Wird das Wort zur Begründung gewünscht? - Das ist nicht der Fall. - Ich eröffne die Aussprache und erteile Herrn Abgeordneten Dr. Robert Habeck von der Fraktion BÜNDNIS 90/DIE GRÜNEN das Wort.
Frau Präsidentin! Sehr geehrte Damen und Herren! Schleswig-Holstein ist das Land der erneuerbaren Energien und die HUSUM Wind ist deren Aushängeschild. Sie ist Symbol der erneuerbaren Energien, und damit ist sie ein Symbol des Landes SchleswigHolstein. Deshalb muss die HUSUM Wind bleiben.

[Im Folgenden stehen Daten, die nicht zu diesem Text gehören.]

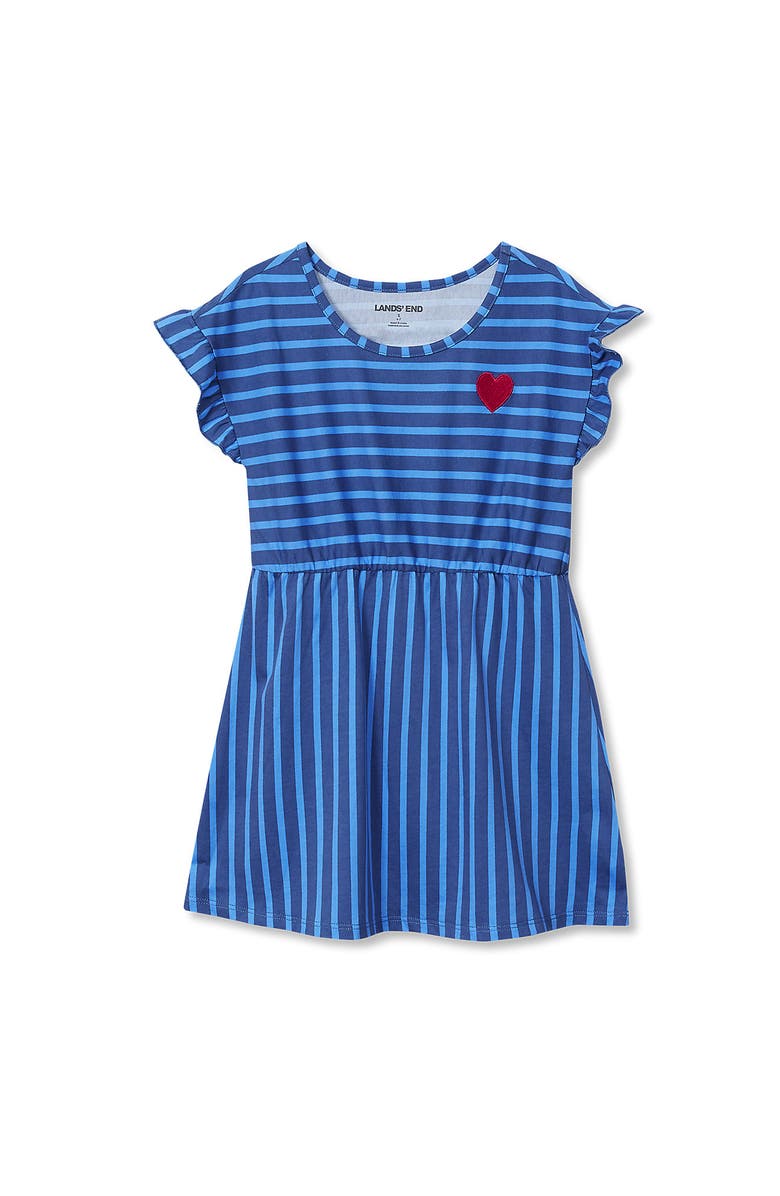 Lands' End Girls Short Sleeve Gathered Waist Tunic Top, Main, color, Blue Heart Stripe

Wenn die Hamburger Messe und der VDMA eine eigene große Windmesse eine Woche vor der HUSUM Wind ankündigt, dann ist das die Aufkündigung wirtschaftlicher und politischer Kooperation zwischen Hamburg und Schleswig-Holstein.
Der Antrag, der jetzt als Dringlichkeitsantrag eingegliedert und aufgerufen wurde, hieß ursprünglich „So nicht, Hamburg!“. Diese Überschrift mussten wir ändern. Im Ältestenrat haben wir einmal vereinbart - ich war selbst dabei -, keine attackierenden Überschriften zu wählen. Aber genau darum geht es: Hamburg kann nicht so agieren, weder in der Form noch in der Sache.
Der Weg zu einer verstärkten norddeutschen Kooperation ist mit markigen Aussagen von Politikern gepflastert. Sie erweisen sich angesichts eines solchen Vorgehens alle als wohlfeil. Stärkere Kooperation heißt, die Stärken des jeweils anderen zu respektieren und weiter auszubauen. Stärkere Kooperation heißt nicht, durch Alleingänge den eigenen Vorteil zu suchen. So nicht, Hamburg!
Wir Grünen treten offen dafür ein, die Diskussion über die Sinnhaftigkeit der bestehenden föderalen Ordnung offen zu führen, einschließlich Nordstaat, und mit der Perspektive 2019, wenn der Länderfinanzausgleich neu aufgestellt wird. Der Status quo der Bundesländer ist für uns nicht in Stein gemeißelt. Als bekennender Schleswig-Holsteiner, der in diesem Land groß geworden ist, sage ich ausdrücklich: Mehr als Schleswig-Holsteiner kann der Mensch sowieso nicht werden.
Obwohl ich das alles weiß, sage ich: Wir müssen offen über die Grenzen und über die föderalen Bedingungen, unter denen wir leben, nachdenken. Ich wohne da. Natürlich weiß ich, natürlich wissen wir um die Vorbehalte einer solchen Debatte gerade im nördlichen und im westlichen Landesteil. Deshalb ist der Kampf um die HUSUM Wind kein isolierter Fall. Das Vorgehen der Hamburger Messe und aller anderen Akteure sowie das Achselzucken des Bürgermeisters sind geeignet, die Diskussion über eine zukunftsfähige Aufstellung des Nordens insgesamt zu beenden.